## Aim of the task
Return every line of the data below word for word, including the punctuation.

## Material provided
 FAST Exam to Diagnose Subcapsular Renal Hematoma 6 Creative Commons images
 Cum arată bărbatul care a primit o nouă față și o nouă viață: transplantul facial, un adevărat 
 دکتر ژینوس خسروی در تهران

## Task result
 FAST Exam to Diagnose Subcapsular Renal Hematoma 6 Creative Commons images
 Cum arată bărbatul care a primit o nouă față și o nouă viață: transplantul facial, un adevărat 
 دکتر ژینوس خسروی در تهران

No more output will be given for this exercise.